Executive Summary
The asbestos industry covered up the risk from asbestos exposure when school buildings were constructed using asbestos (1940s-1999). Since then, despite the increasing evidence that staff and students were at a significant risk of developing mesothelioma cancer caused by asbestos, successive Governments have failed to require a measure of the risk from long term exposure to asbestos in school buildings.
Aim
This report therefore aimed to find out the level of past and current risk to staff and students of developing mesothelioma from asbestos exposure in Great Britain school buildings.
Methods
The relationship was investigated between the UK annual import of asbestos since 1940 and the annual measure of teacher mesothelioma deaths since occupational records began in 1980. This included an investigation of the impact of school building life span, asbestos damage, mesothelioma latency period and life expectancy on GB staff and student mesothelioma mortality.
The estimation of the number of teacher and support staff (all ages) deaths from mesothelioma since 1980 was based on the HSE Occupational Mesothelioma and MESO03 Statistics.
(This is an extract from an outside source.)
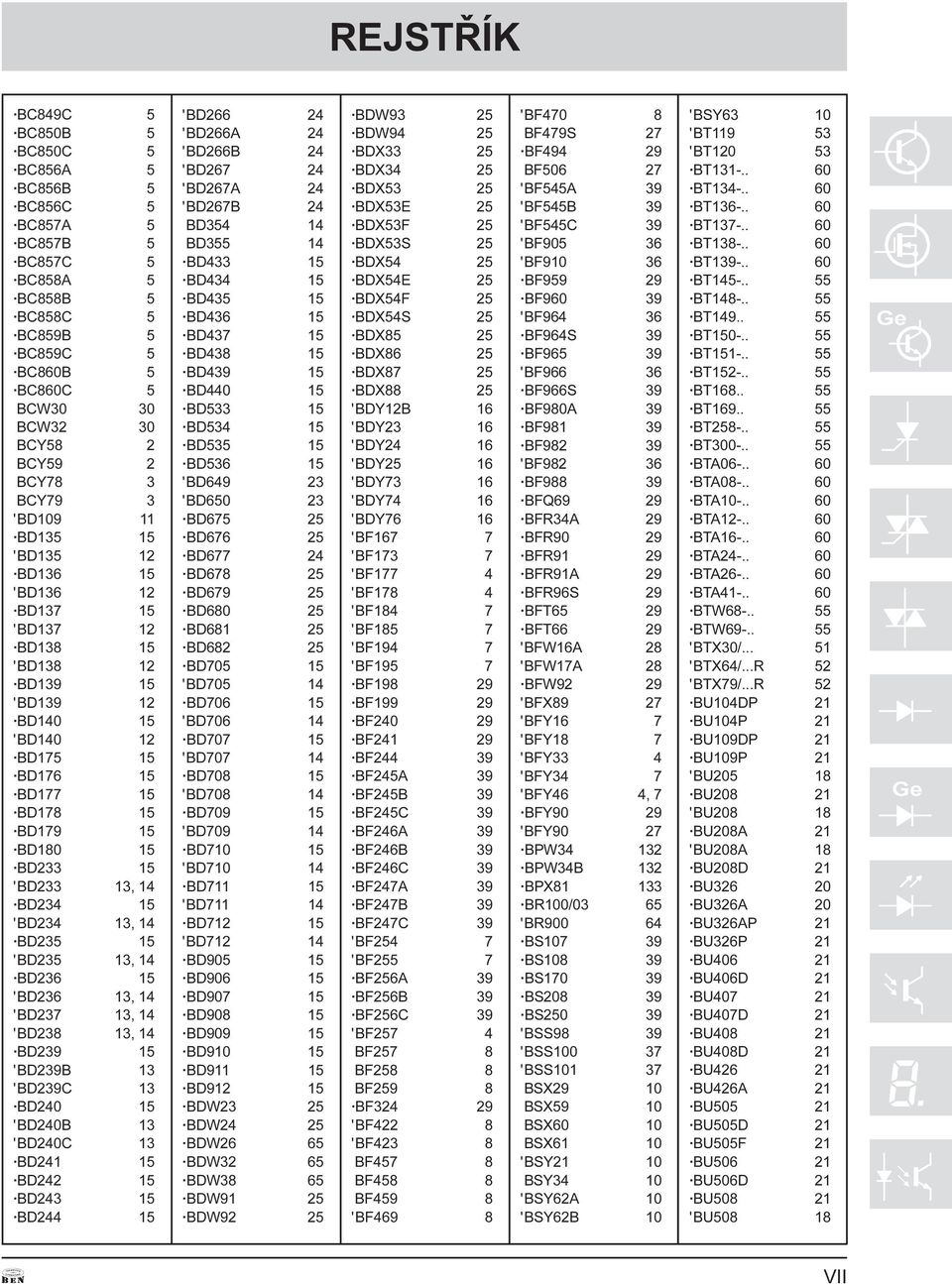 'D236 13, 14 'D237 13, 14 'D238 13, 14 D239 15 'D239 13 'D239C 13 D240 15 'D240 13 'D240C 13 D241 15 D242 15 D243 15 D244 15 'D266 24 'D266A 24 'D266 24 'D267 24 'D267A 24 'D267 24 D354 14 D355 14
It was presumed that support staff and teachers had the same lifetime risk and duration of exposure.
HSE-estimated Proportional Mortality Ratios and Robin Howie Associates-estimated PMRs were used to compare school staff mesothelioma deaths with other occupations.
The total number of school staff in schools with friable asbestos was determined using the School Workforce Census, School staff PLASC and data from the House of Commons Library.
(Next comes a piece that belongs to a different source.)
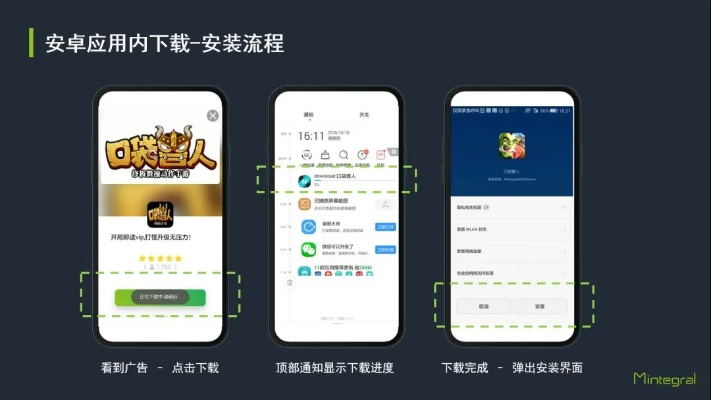 月里嫦娥 第2頁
The number of mesothelioma deaths according to HSE mesothelioma statistics was compared with the Mesothelioma UK findings based on industrial Injuries disablement Benefit Claims for mesothelioma and lung cancer in people who worked in schools (and hospitals).
The method used by the United States Environmental Protection Agency EPA (1980) investigation of the lifetime risk and predicted mortality of United States staff and students developing mesothelioma was applied to Great Britain schools. The EPA predicted number of mesothelioma deaths findings was then compared with the estimated number of GB staff and students who had died since 1980 from mesothelioma.
The effectiveness of the current asbestos regulations and Cost Benefit Analysis process for the identification and prevention of asbestos exposure from buildings like schools was considered in the light of the report findings.
Findings
The combined effect of this report's findings is that hundreds of thousands of students and staff, exposed to asbestos in their schools since the mid-1990s, are predicted to die in future from mesothelioma.
Unfortunately, the current asbestos regulations do not identify the level of exposure to the potentially substantial amount of disturbed hidden asbestos that can pass unseen via gaps into occupied areas. This has meant Duty Holders are unaware of the level of asbestos exposure in occupied areas and so funding bids are not informed by the lifetime risk of vulnerable children and staff developing mesothelioma in their school(s).
Conclusion
This report estimated that tens of thousands of school staff and students have already died from mesothelioma due to asbestos exposure before the mid-1990s and hundreds of thousands of staff and students in school buildings are predicted to die from asbestos exposure due to exposure after the mid-1990s. Most of the victims will be exposed as children in schools although their cause of death is noted under their last occupation.
Almost all the UK population is likely to have attended a school with asbestos. This disaster is not a preventable accident. It is due to the policy of successive governments that have covered up the risk in order to cut costs and reduce disruption.
The Grenfell Tower inferno, the Post Office Horizon IT scandal, and the contaminated blood transfusion scandal in the 1970s-80s also show governments, vested interests, industries and workplaces allowing lives to be sacrificed in order to cut costs and increase profits.
Recommendations for government
- The remit of the Duty to Manage Asbestos Regulations should include a measure of the lifetime risk and premature mortality of adults and children developing mesothelioma in all buildings with friable asbestos. This should be based on the TEM measurement of the range of prevalent asbestos levels in buildings like schools during normal full occupation.
- Cost Benefit Analysis: Criteria for funding asbestos removal / building replacement should ensure that an imposed risk of 1 per million per year is the limit of ‘acceptable risk’ for children and adults in buildings that contain friable asbestos.